Blumhouse are known for their ability to create horror/thriller films that aren't just jump scares and cringeworthy plots; they either dig a little deeper or try a new approach.
If 'Truth Or Dare' were to fit in either one of those two methods it'd be the first, but it's nothing like, for example, the same studio's Oscar-winning masterpiece 'Get Out'.
The film is a little similar to another sort-of-recent silver screen Blumhouse slasher 'Unfriended', where an online source forces a group of friends to complete horrific actions and confess hard truths in order to avoid a gruesome death.
Much like 'Unfriended' it's a group of friends who all find themselves entangled in an all-too-real game of truth or dare, but let's leave plot points and spoilers out of this.
The way 'Truth Or Dare' moves along is, admittedly, a little slow to begin with.

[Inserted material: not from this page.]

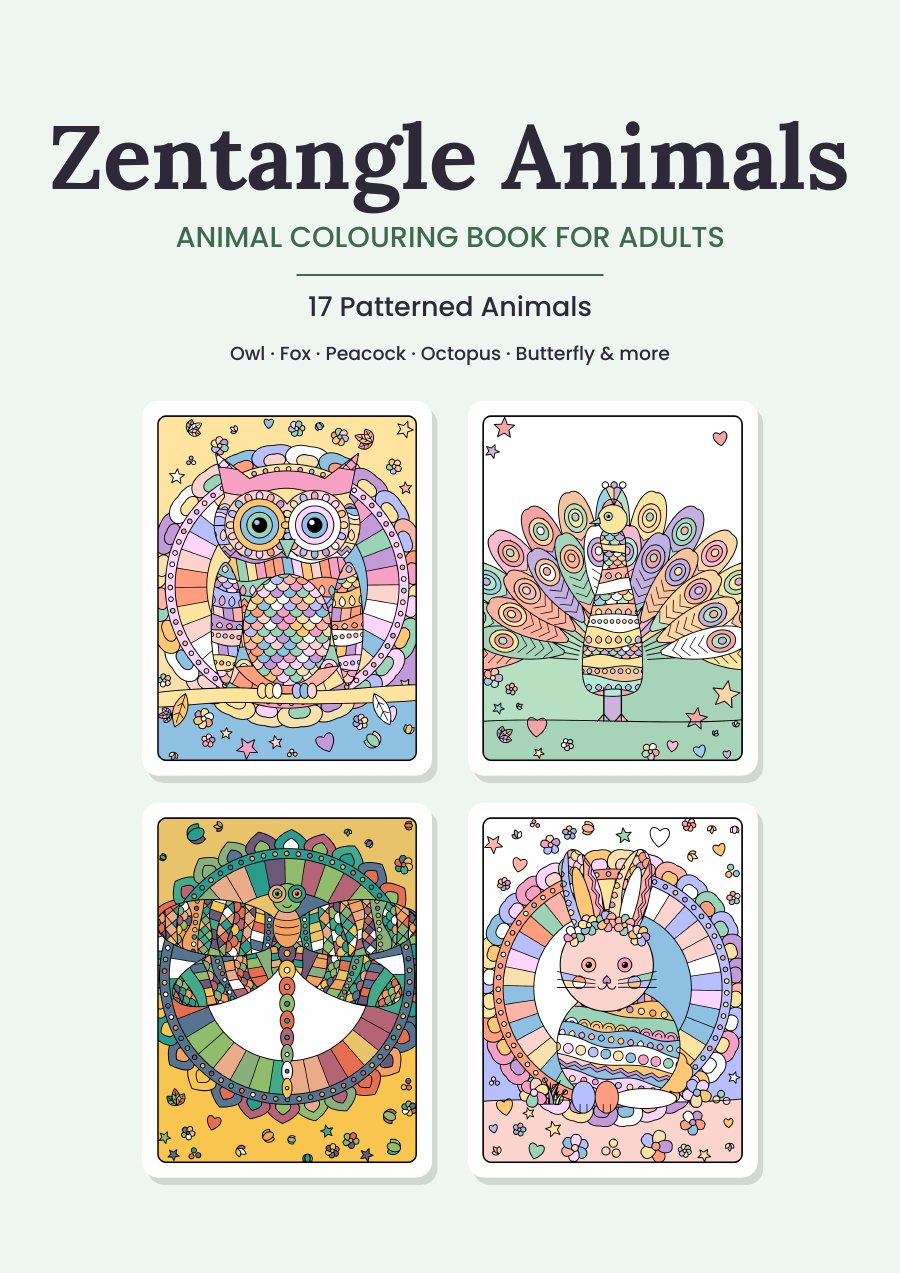 Zentangle Animals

Like most horror films you have to wade your way through the shiny, happy introductions until things start getting a little dark. However once it did get dark, it also got cheesy. I found myself squinting at the screen and once or twice even rolling my eyes, but it's important to consider that these moments may have been on purpose.

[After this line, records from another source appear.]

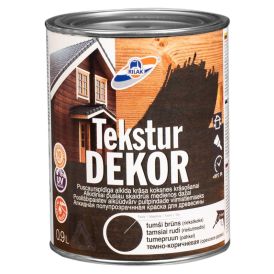Puidukaitsevahend Rilak Teksturdekor tumepruun 0,9 l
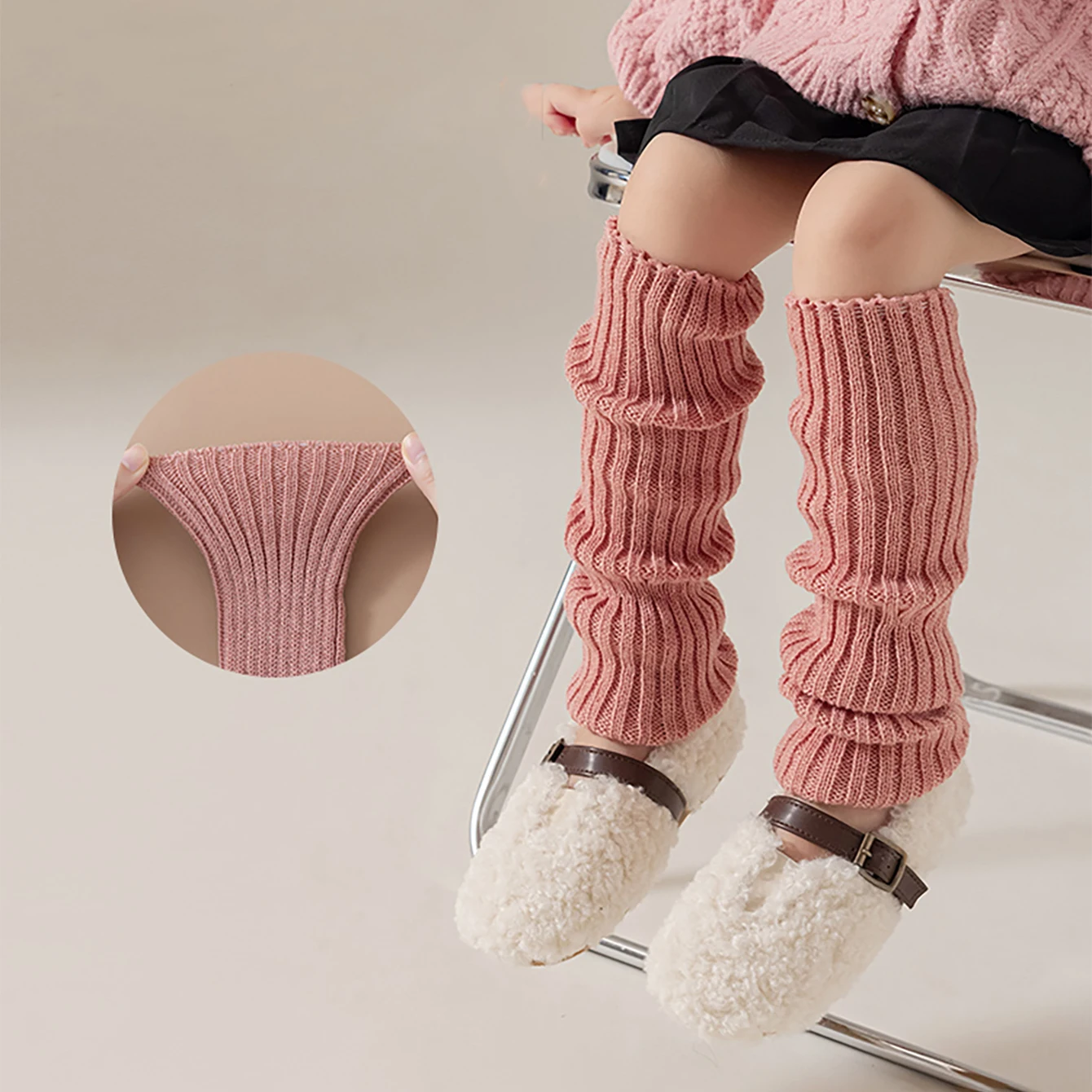 1pair Y2K Girls Kids Warm Foot Cover, Breathable Comfy Sock Cover For Autumn Winter, Children\'s Foot Warmer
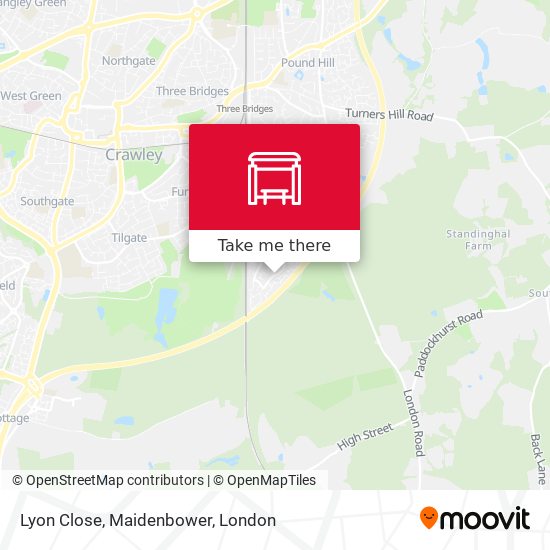 Lyon Close, Maidenbower map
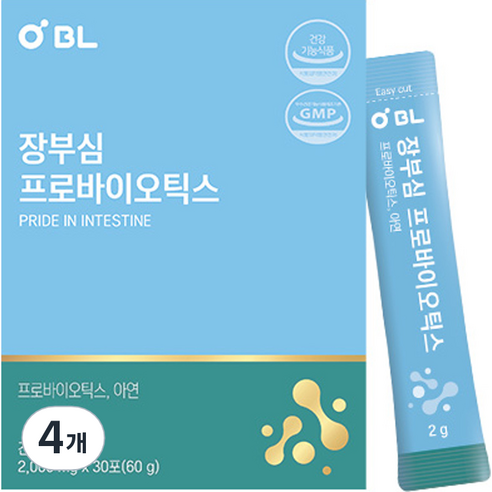 BL 장부심 프로바이오틱스 밀크맛유산균 30p, 30포, 2g, 1개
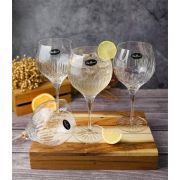 Набор бокалов для коктейля 650 мл Diamante Gin Glass, хрустальное стекло, 4 шт.
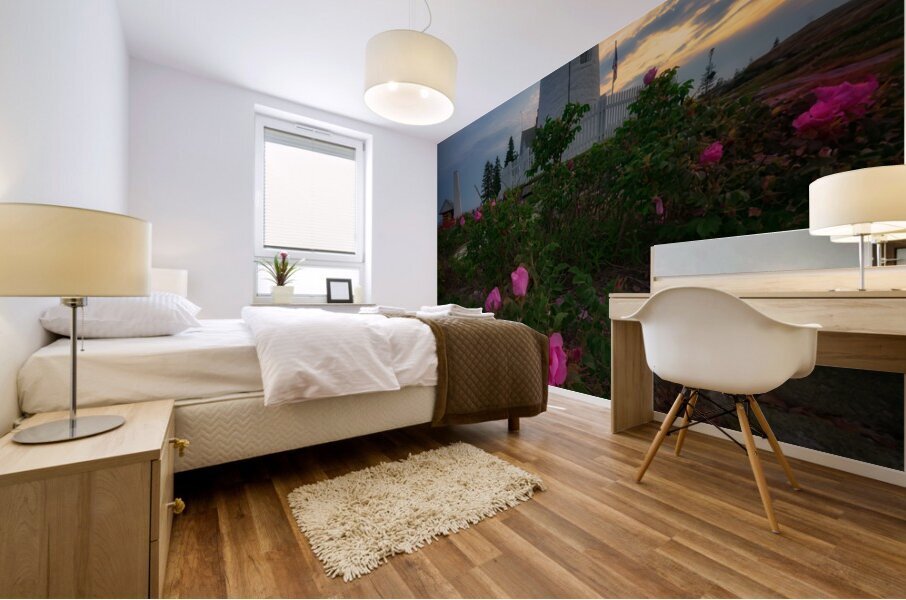 Twilight Bloom Mural print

To elaborate, this film – from go to whoa – is essentially over-the-top teen drama. It takes very little effort for the first 'victim' of the game to convince their other friends that the game is real which, in itself, is far-fetched. Suspension of disbelief is an important thing to walk in with because the producers clearly went for a project that would simultaneously reel younger people into the world of horror and also, by the end, let them know that it's not as simple as it seems.
That's what works in not only 'Truth Or Dare' but most of Blumhouse's efforts. They're simple on the surface to begin with but by the end you almost feel as though you've been taken for a ride.

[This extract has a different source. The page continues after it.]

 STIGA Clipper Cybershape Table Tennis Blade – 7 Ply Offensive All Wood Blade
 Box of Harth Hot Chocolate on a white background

With the above in mind, this is a decent movie. The casting (with such folks as Lucy Hale, Tyler Posey and Violett Beane) is great... All actors carry out the task of 'melodramatic, cheesy teen' well.
As usual from this production company, the presentation is well-done. Jeff Wadlow as Director and Jacques Jouffret as Cinematographer present a not-so-complex skeleton of a story in a way that nails that classic edge-of-your-seat horror atmosphere but also looks great both in and out of the suspenseful, scary parts.
If you're up for a relatively simple plot (which does thicken a little toward the end) and a cast full of dramatic teens with overactive imaginations trying to find their way out of a sticky situation, this one's for you.